Palavras-chave: Júri simulado, contrato didático, estratégia de ensino.

Introdução.
Ao procurar melhorar a qualidade de suas aulas, uma das primeiras
atitudes que o professor toma é modificar sua estratégia de ensino. No
entanto, mesmo dedicando grande cuidado e energia na busca de uma
alternativa metodológica para suas aulas, o professor, por vezes, se
decepciona com os resultados e se questiona quanto ao potencial desta
mudança e seu impacto na relação didática que se constrói entre ele, seus
alunos e o conteúdo a ser ensinado.
De fato, como avaliar os impactos que uma mudança de estratégia pode
ter na dinâmica desta relação? Ou dito de outra forma, existem avanços
pedagógicos quando modificamos nossa estratégia de ensino? De que tipo
seriam? Estas são perguntas que norteiam essa reflexão.
A sala de aula é o ambiente por excelência onde se pode visualizar,
entre outros aspectos, como se constrói e funciona a relação didática. Esta
relação, em um sentido estrito, pode ser compreendida como as trocas
organizadas localmente entre professor, aluno e saber (JONNAERT, 1996).
Implícita nela, a escolha didática quanto à estratégia de ensino a ser
adotada para aprendizagem de determinado conteúdo[1].

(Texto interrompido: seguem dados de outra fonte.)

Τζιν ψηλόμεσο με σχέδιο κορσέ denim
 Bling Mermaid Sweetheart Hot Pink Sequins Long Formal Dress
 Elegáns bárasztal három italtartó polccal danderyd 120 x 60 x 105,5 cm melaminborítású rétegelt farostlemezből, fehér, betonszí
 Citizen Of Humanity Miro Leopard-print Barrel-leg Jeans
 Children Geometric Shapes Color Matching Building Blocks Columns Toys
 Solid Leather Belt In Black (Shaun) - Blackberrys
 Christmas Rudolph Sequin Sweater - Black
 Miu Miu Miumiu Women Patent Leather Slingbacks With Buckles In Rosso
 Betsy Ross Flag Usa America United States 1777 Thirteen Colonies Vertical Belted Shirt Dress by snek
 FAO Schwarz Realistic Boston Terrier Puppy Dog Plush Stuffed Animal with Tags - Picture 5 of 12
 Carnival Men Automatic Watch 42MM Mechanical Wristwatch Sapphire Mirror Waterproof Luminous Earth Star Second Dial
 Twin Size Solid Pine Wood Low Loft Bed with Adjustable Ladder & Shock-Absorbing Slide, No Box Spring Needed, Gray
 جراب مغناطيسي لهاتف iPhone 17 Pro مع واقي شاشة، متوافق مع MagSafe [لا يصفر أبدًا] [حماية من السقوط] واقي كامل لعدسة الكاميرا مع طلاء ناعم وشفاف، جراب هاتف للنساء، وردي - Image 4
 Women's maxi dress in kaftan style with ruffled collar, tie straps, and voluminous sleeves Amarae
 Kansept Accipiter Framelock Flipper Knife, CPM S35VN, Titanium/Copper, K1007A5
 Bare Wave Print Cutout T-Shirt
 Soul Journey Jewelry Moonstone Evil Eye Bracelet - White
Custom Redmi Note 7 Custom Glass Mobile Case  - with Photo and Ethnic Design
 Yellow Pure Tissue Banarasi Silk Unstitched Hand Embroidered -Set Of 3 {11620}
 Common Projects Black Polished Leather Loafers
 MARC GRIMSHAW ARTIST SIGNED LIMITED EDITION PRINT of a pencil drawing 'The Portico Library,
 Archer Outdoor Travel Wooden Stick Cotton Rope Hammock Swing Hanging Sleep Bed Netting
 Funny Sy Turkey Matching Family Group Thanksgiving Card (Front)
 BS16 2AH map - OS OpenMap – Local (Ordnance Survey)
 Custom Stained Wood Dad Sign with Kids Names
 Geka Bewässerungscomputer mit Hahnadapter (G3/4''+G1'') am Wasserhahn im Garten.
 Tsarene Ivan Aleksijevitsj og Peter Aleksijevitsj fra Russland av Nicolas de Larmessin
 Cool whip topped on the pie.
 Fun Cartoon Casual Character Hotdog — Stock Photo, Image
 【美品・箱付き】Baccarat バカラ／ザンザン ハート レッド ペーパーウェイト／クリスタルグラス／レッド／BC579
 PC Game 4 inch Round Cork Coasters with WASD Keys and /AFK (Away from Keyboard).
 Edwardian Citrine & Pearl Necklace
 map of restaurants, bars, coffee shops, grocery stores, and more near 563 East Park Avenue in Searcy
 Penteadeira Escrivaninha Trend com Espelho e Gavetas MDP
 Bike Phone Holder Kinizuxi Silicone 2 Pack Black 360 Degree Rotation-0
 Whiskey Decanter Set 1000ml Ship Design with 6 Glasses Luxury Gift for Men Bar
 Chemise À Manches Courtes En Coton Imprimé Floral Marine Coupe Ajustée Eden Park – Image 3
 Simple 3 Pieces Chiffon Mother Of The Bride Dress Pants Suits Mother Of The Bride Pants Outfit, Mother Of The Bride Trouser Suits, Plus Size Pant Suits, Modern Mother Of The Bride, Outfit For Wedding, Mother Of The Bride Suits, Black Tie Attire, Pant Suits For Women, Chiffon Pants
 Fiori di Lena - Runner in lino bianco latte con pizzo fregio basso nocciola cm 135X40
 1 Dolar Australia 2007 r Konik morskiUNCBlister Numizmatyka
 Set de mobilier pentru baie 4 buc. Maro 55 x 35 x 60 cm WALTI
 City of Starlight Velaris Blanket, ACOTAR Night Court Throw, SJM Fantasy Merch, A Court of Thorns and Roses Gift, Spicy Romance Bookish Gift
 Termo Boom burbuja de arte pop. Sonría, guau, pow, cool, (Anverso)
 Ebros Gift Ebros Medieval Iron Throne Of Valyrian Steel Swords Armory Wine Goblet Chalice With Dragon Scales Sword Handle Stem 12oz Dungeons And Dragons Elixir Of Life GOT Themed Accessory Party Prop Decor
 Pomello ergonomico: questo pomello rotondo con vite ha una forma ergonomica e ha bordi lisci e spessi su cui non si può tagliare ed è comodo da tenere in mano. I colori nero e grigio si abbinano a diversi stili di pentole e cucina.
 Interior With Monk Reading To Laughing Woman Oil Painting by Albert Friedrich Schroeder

Por isso, este relato tem por objetivo refletir sobre os efeitos que
uma alteração de estratégia de ensino pode trazer para a relação didática
estabelecida entre professor, aluno e conhecimento escolar de genética em
turmas de terceira série do Ensino Médio. Para analisar estes efeitos, toma
como referência teórica as noções de Contrato Didático (BROUSSEAU, 1986).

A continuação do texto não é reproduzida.